Perhaps even more shocking is that these businesses have little to no paid advertising. Publicity has all been through word of mouth or social media.
Elizabeth Callahan remembers first hearing about Five Sushi Brothers from a friend who shared a picture on Instagram. She didn’t understand what it was at first.
“I had a friend, I went over to her house and we spent the night and she (asked), ‘Do you want to order Five Sushi Brothers? I have a coupon for free California rolls,'” Callahan said. “I (said), ‘Sweet, let’s do it,’ and then we got coupons as well for the next order so then I wanted to order more, and then I got hooked.”
Her husband, Jake, remembers first seeing a Facebook post about Five Sushi Brothers when he came home from his mission, but like Callahan, he didn’t know what it was when he heard his friends talking about it.

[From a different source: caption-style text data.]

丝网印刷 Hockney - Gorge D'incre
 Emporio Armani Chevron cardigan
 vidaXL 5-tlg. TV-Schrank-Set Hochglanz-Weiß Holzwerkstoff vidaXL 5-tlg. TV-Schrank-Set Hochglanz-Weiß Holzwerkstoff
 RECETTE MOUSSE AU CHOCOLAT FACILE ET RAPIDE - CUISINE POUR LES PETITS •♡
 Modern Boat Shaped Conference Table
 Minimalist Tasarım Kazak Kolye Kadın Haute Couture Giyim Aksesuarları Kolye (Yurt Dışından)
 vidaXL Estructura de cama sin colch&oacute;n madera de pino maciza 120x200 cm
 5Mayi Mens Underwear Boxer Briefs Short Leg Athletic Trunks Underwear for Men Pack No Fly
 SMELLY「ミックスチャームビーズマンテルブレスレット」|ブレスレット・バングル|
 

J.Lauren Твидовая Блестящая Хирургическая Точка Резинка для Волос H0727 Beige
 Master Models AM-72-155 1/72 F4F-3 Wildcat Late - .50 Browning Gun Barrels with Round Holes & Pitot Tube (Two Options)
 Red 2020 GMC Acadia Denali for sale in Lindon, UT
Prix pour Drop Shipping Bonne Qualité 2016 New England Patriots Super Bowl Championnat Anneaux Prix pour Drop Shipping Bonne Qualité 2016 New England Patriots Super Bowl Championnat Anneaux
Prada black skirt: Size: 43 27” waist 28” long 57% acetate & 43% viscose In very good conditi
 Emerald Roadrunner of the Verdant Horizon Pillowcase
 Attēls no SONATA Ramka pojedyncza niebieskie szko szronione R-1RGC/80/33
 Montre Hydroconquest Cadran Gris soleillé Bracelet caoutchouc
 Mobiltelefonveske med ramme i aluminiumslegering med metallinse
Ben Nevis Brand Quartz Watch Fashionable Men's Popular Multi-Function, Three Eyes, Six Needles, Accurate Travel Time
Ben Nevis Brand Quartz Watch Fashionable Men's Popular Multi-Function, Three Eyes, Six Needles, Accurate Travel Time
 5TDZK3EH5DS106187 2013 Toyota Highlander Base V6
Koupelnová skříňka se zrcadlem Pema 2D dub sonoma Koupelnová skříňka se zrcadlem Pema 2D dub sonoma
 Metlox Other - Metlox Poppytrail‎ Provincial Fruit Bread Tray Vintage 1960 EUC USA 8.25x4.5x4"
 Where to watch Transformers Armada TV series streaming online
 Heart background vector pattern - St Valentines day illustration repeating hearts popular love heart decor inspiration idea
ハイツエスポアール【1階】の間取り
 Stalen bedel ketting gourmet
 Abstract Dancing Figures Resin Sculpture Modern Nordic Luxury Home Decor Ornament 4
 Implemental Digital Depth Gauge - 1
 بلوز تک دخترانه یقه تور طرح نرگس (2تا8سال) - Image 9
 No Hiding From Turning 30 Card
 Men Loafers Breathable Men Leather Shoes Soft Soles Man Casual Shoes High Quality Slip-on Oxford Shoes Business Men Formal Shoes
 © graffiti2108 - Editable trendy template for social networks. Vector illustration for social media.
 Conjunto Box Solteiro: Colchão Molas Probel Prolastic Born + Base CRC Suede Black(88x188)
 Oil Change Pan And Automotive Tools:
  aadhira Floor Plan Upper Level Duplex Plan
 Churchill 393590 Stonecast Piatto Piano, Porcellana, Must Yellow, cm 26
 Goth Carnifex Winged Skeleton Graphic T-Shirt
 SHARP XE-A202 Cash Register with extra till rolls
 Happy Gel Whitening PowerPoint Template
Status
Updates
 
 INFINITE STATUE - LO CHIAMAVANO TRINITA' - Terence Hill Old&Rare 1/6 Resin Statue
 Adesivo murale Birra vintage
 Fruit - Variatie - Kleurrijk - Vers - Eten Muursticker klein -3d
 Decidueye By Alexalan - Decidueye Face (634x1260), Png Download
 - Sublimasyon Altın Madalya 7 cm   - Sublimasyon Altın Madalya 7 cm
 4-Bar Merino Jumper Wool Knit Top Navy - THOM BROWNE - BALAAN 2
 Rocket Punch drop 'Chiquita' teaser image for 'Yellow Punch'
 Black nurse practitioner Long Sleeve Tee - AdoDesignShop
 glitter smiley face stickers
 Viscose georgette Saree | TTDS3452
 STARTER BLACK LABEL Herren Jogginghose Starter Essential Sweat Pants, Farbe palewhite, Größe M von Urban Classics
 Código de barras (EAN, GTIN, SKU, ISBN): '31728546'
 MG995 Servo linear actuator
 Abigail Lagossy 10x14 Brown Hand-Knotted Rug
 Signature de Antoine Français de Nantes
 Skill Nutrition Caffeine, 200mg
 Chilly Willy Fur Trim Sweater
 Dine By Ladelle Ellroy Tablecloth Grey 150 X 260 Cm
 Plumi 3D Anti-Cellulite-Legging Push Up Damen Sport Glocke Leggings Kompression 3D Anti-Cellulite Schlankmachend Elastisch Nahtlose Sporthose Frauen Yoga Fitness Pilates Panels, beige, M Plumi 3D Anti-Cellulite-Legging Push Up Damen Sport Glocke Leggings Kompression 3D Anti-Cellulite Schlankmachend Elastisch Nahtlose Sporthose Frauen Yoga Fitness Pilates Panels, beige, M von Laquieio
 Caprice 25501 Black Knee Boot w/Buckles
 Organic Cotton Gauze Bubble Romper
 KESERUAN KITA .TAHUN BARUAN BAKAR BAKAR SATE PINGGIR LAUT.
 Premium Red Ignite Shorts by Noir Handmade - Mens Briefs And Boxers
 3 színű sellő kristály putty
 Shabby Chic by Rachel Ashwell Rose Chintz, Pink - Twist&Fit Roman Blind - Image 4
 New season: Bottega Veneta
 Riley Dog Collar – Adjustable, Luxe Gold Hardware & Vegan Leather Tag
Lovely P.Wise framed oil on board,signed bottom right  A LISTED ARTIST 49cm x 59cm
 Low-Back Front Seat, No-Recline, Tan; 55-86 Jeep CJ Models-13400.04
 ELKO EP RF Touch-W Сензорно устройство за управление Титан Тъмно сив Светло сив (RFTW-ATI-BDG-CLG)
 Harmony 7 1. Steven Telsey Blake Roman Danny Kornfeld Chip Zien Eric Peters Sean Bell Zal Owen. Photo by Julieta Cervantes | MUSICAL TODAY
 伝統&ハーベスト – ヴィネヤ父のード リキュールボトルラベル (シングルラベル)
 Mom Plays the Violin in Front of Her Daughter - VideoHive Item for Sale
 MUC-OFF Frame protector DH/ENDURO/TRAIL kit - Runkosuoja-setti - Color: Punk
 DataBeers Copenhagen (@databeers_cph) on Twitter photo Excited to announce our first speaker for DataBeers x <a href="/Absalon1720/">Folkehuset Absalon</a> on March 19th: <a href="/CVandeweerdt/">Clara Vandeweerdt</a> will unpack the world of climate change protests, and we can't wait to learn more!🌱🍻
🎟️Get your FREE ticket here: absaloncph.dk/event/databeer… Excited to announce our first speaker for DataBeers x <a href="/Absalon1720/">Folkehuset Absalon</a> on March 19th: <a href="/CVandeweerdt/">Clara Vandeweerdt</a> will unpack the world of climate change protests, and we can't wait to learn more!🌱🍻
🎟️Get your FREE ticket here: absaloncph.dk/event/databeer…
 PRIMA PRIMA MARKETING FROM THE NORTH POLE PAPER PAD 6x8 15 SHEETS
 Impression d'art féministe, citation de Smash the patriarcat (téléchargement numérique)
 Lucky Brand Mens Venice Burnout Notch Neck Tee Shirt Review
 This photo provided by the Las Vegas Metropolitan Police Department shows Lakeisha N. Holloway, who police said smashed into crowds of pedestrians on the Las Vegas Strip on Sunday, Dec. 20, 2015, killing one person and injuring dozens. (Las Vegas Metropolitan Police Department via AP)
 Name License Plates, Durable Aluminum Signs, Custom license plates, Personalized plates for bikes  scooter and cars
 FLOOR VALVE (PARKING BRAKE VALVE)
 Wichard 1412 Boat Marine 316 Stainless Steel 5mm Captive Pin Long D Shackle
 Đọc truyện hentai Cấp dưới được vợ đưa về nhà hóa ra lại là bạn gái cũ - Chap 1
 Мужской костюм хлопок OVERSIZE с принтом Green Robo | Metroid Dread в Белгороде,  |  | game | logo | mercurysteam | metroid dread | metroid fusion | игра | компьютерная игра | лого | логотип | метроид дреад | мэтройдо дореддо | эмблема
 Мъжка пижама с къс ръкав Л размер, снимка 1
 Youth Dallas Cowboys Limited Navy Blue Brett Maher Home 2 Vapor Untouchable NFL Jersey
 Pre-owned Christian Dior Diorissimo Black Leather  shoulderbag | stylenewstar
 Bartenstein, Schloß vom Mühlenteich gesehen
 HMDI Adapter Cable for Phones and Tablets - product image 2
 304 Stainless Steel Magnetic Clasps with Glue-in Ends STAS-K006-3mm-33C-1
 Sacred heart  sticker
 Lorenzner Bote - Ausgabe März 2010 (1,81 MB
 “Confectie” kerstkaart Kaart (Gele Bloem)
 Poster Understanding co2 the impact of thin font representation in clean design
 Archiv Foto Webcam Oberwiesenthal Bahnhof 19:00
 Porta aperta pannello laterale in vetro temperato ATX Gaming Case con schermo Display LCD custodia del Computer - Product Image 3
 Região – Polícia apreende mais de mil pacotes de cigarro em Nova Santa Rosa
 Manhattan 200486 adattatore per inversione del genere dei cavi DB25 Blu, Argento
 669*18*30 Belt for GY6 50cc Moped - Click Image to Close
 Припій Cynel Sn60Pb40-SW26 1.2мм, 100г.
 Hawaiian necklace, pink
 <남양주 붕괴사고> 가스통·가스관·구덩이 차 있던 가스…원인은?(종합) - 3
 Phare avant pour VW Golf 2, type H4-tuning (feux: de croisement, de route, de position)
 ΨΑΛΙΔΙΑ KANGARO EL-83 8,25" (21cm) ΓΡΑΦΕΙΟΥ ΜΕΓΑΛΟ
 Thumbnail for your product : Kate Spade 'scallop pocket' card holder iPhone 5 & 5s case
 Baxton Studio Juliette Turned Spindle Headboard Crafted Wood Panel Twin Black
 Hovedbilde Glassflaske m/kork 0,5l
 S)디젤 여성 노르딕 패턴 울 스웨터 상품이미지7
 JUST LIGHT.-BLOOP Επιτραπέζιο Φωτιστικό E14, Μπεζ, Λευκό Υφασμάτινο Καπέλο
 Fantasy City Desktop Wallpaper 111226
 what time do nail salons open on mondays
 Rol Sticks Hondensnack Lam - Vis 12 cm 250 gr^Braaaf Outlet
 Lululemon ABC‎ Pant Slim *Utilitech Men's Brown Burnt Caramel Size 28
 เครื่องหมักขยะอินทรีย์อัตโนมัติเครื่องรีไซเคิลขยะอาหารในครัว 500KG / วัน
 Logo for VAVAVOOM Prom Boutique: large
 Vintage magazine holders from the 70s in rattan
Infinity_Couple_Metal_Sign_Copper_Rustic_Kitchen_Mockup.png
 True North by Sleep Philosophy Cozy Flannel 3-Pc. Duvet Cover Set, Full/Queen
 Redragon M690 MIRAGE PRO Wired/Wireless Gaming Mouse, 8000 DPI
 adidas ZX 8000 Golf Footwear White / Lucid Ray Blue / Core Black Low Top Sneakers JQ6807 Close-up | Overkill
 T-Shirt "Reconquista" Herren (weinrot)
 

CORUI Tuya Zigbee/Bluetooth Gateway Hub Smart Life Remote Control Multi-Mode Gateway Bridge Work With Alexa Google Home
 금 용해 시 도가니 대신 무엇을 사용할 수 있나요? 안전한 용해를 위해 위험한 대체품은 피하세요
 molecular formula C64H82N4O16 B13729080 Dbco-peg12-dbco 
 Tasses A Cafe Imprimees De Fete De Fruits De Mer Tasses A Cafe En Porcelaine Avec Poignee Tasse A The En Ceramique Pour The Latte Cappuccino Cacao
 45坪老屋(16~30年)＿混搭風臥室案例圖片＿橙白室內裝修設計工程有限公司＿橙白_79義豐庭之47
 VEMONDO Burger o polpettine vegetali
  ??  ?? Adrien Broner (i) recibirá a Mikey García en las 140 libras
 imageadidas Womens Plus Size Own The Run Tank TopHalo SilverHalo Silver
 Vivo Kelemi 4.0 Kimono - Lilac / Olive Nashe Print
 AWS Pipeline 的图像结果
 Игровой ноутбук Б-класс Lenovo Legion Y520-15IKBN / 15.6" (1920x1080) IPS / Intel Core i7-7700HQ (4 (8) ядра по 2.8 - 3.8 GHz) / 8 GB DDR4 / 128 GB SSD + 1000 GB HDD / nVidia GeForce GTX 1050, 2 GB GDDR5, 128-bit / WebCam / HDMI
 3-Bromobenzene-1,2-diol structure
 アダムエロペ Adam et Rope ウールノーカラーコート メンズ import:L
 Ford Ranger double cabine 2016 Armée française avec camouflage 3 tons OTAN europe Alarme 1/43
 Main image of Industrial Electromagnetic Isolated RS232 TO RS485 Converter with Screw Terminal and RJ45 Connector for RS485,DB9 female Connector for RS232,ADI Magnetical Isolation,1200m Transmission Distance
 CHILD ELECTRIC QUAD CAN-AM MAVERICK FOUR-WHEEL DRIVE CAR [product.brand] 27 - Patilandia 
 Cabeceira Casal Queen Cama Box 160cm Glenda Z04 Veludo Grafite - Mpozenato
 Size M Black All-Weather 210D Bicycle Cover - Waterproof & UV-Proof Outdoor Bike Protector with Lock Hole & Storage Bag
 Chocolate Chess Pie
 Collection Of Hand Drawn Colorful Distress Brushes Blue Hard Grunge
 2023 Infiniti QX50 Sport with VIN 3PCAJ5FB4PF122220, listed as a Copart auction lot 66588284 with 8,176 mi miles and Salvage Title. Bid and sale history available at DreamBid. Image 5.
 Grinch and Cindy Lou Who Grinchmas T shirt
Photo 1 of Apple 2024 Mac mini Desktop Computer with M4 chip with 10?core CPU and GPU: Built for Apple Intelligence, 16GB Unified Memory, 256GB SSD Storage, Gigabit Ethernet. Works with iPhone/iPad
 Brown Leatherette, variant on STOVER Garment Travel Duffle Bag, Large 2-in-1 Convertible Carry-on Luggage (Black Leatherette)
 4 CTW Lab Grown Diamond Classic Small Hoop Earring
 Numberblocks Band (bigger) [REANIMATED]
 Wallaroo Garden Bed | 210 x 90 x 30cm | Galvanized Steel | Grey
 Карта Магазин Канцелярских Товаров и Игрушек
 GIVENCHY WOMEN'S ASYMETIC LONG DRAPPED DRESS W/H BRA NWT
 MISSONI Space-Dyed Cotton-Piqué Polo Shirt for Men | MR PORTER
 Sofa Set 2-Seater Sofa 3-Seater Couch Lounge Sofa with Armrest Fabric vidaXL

“I had friends say ‘Hey, let’s get Five Sushi Brothers,’ and I felt like I was out of the loop because everyone else knew what they were talking about,” Jake said.
Jake happens to be close friends with Brandon Pritchard, one of the co-founders of Love Me Tenders, so he and his wife have been in the know since the beginning.
Of course, money remains an issue. Callahan said if she and her husband could afford it, they would order late night delivery more often. But Rhoads predicts this is the just part of an all-encompassing delivery trend.
“You’re going to see more and more organizations, whether it’s groceries, restaurants, bringing products to you,” Rhoads said, “That’s a market that’s growing.”